エキナセア (Echinacea spp.)
エキナセアもレモンバーム同様、抗ウイルス作用と免疫増強効果が期待されます。特に未熟な緑色の種子が有効とされています。エキナセアはチンキにしてティーに加えるのが一般的で、1日3回、1カップずつ飲むと良いでしょう。舌が一時的にしびれることがありますが、無害です。
ミント類
ミントは多数の抗ウイルス成分を含みます。ハーブ学者のジェームズ・A・デューク博士は、レモンバーム4部、オレガノ2部、セルフヒール(自己治癒草)と、ハイソップ、ローズマリー、セージ、タイム各1部を混ぜたティーを推奨しています。この配合は12種類以上の有効化合物が協働しヘルペスウイルスに対抗します。沸騰した湯に20分浸し、甘味はリコリスまたははちみつで調整してください。
赤唐辛子 (Capsicum spp.)
赤唐辛子に含まれるカプサイシンはヘルペスの再発を抑制すると考えられています。患部に直接塗布すると刺激が強すぎるため、食事に辛味調味料(唐辛子、唐辛子フレーク、ホットソース)を取り入れ、体内から予防するのが安全です。

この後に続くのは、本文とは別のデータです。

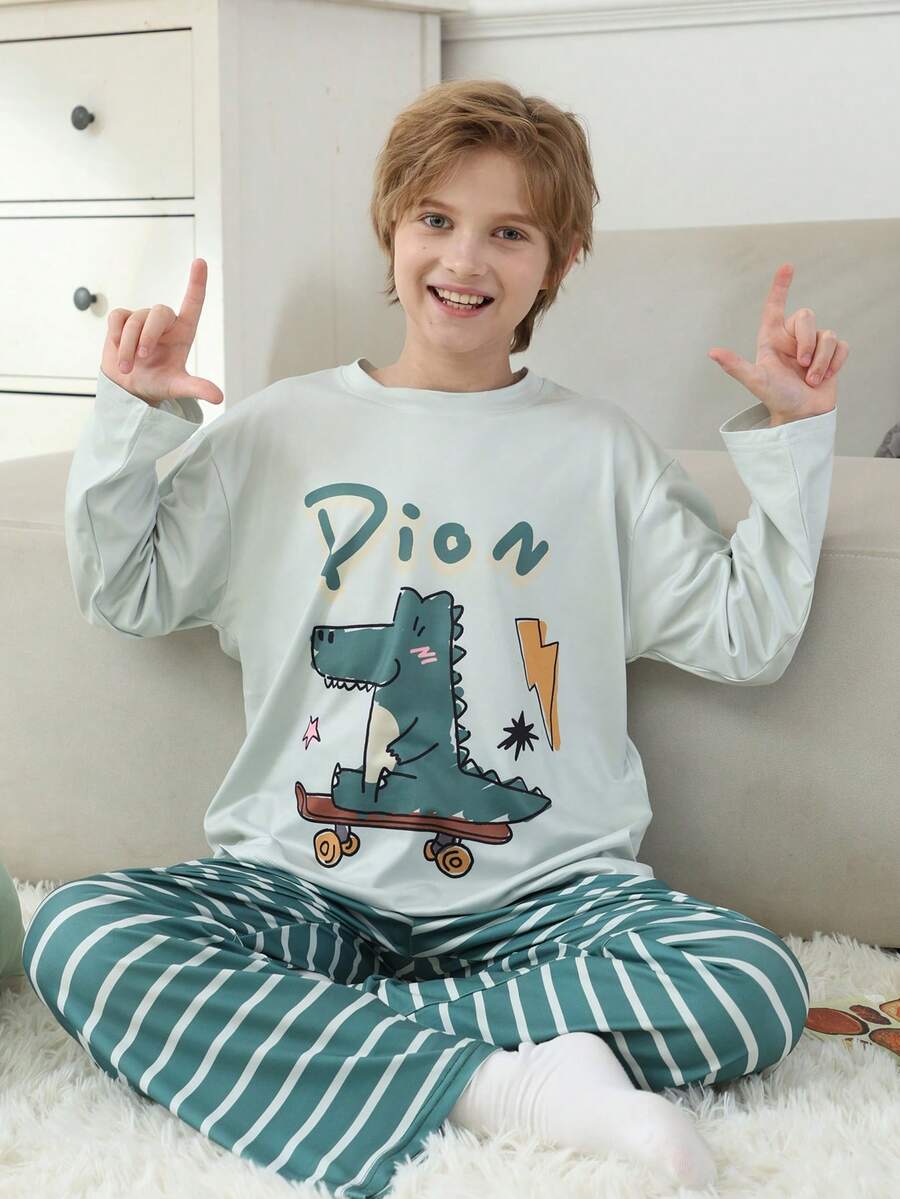 2pcs/Set Toddler Boys' Dinosaur Print Flame Retardant Sleepwear Set, Round Neck Pullover, Autumn/Winter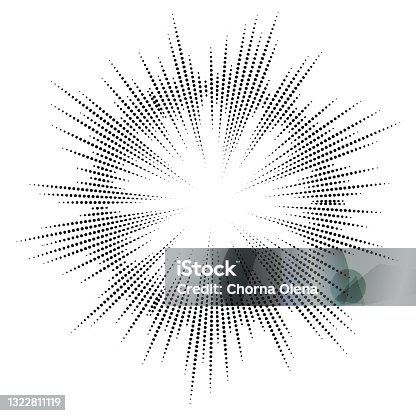 istock Bursting rays. Sunburst frame. Abstract equalizer element with dotted lines for design. Vector illustration. 1322811119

セイヨウオトギリソウ (Hypericum perforatum)
セイヨウオトギリソウはハイパーシンという成分がヘルペスウイルスを死滅させるとされています。花を使って作ったお茶を外用に利用したり、チンキをオイルやワセリンに混ぜて患部に数回に分けて塗布してください。
その他の対策
- ヘルペスウイルスは歯ブラシに付着することがあります。発症後は歯ブラシを交換し、再感染を防ぎましょう。
- チューブ入りの歯磨き粉もウイルスの媒介になる可能性があるため、容量の小さいものを使用し、定期的に交換してください。
- 症状が出始めたら、すぐに水性の亜鉛軟膏を塗布すると治癒が早まります。